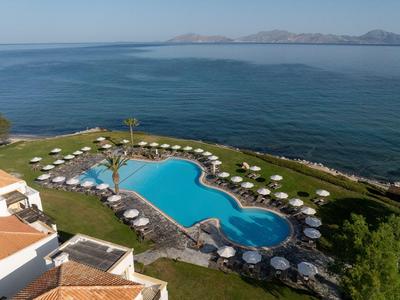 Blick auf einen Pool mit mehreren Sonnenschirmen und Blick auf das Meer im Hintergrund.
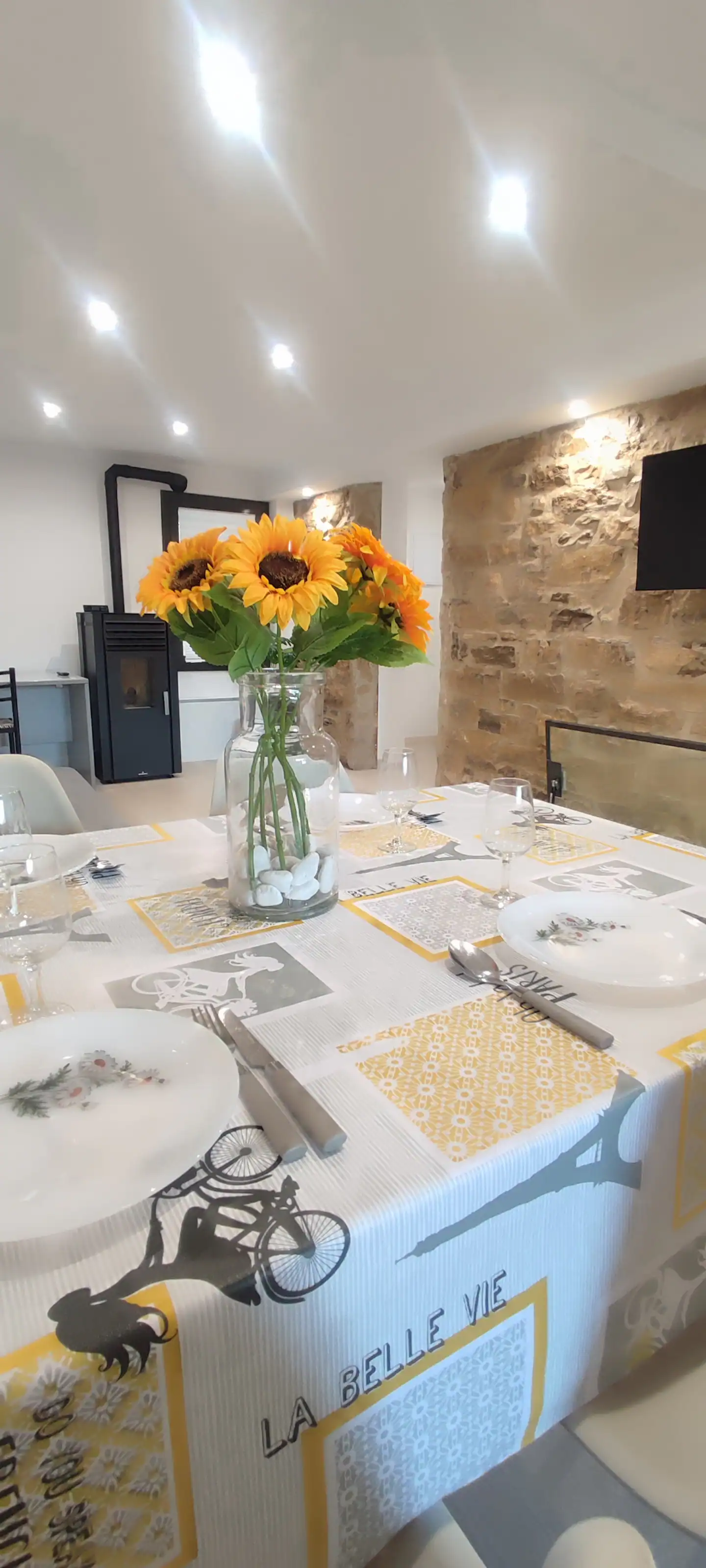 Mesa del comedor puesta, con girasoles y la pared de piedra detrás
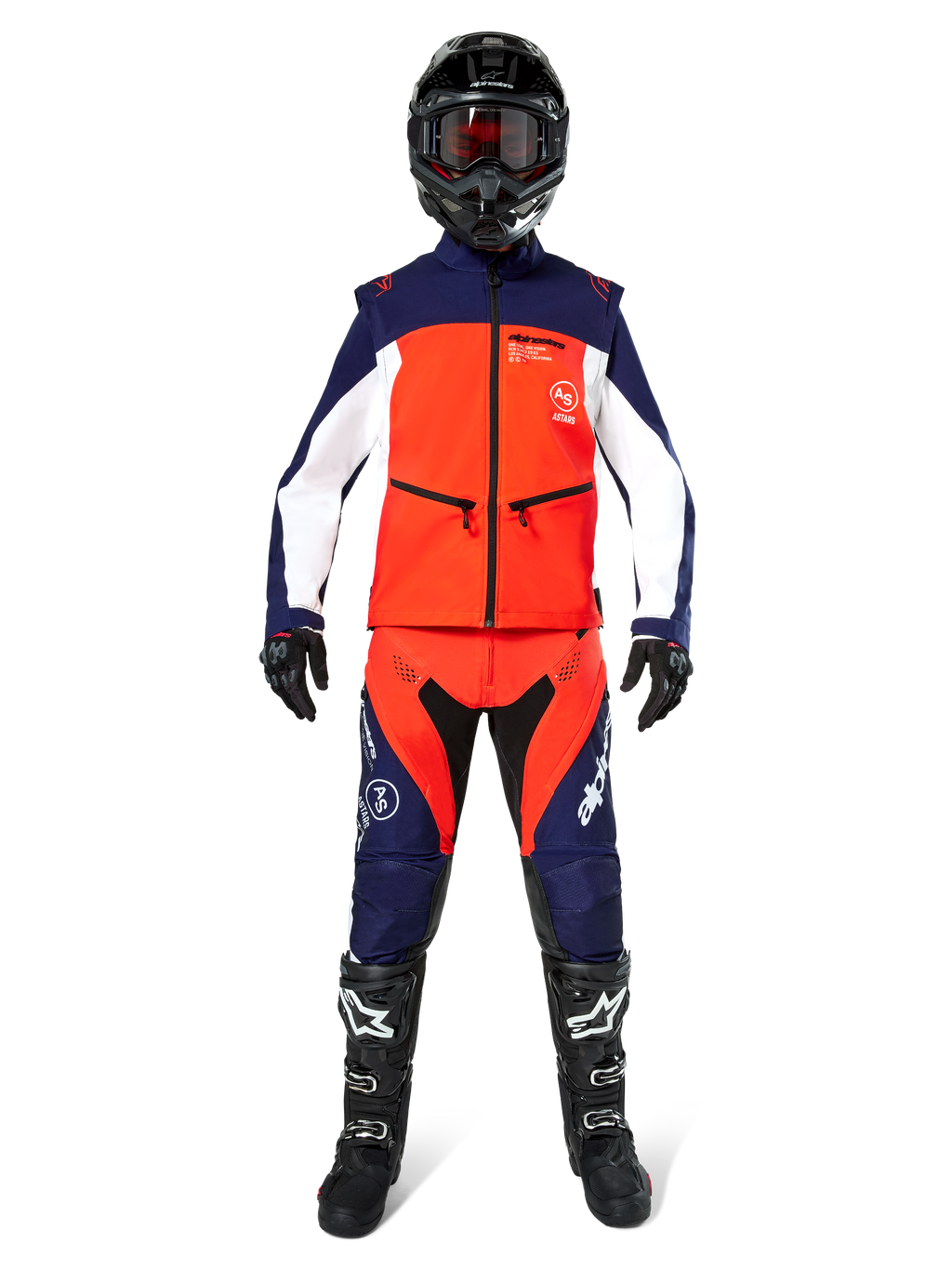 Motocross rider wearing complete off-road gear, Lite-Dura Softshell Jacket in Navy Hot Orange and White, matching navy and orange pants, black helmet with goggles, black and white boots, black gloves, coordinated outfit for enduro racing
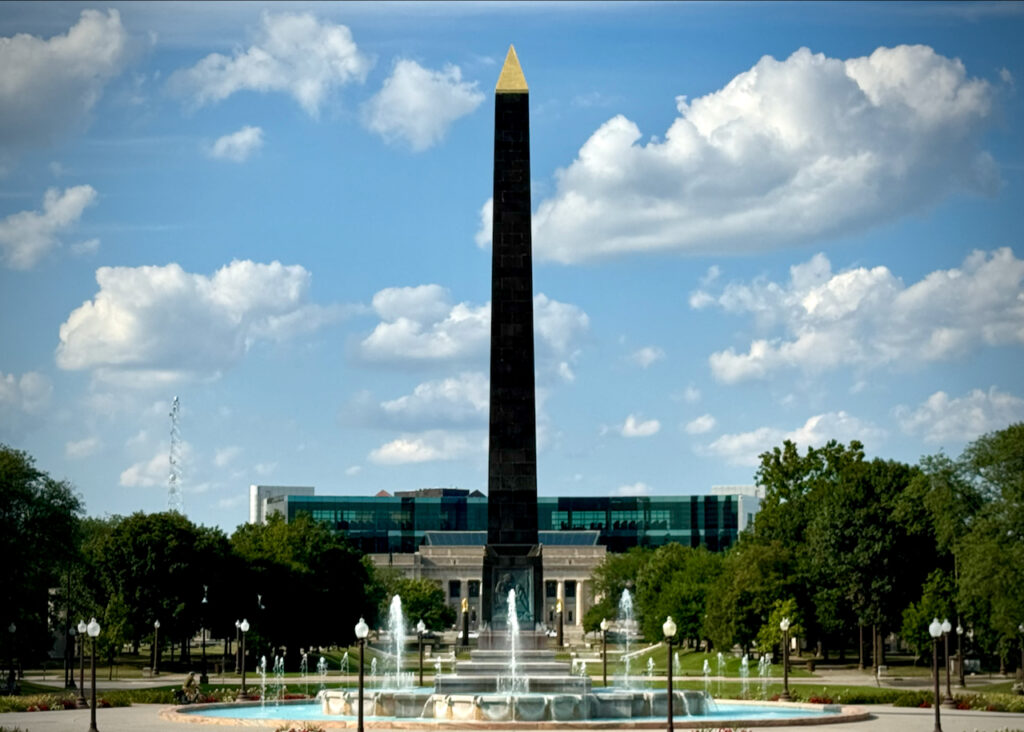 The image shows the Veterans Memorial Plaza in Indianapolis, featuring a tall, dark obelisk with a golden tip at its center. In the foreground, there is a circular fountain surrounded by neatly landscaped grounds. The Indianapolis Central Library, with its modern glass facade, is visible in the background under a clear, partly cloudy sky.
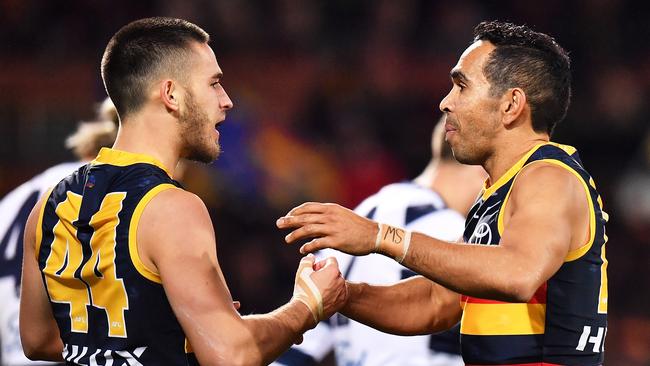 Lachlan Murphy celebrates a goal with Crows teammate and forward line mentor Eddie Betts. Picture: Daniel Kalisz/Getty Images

■ ■ ■ ■

[Work required]: Word for word, write out the lines from the top of the records above down to the line holding "Mesa del comedor", inclusive, but not the pictures.

[Output below]:
 Blick auf einen Pool mit mehreren Sonnenschirmen und Blick auf das Meer im Hintergrund.
 Mesa del comedor puesta, con girasoles y la pared de piedra detrás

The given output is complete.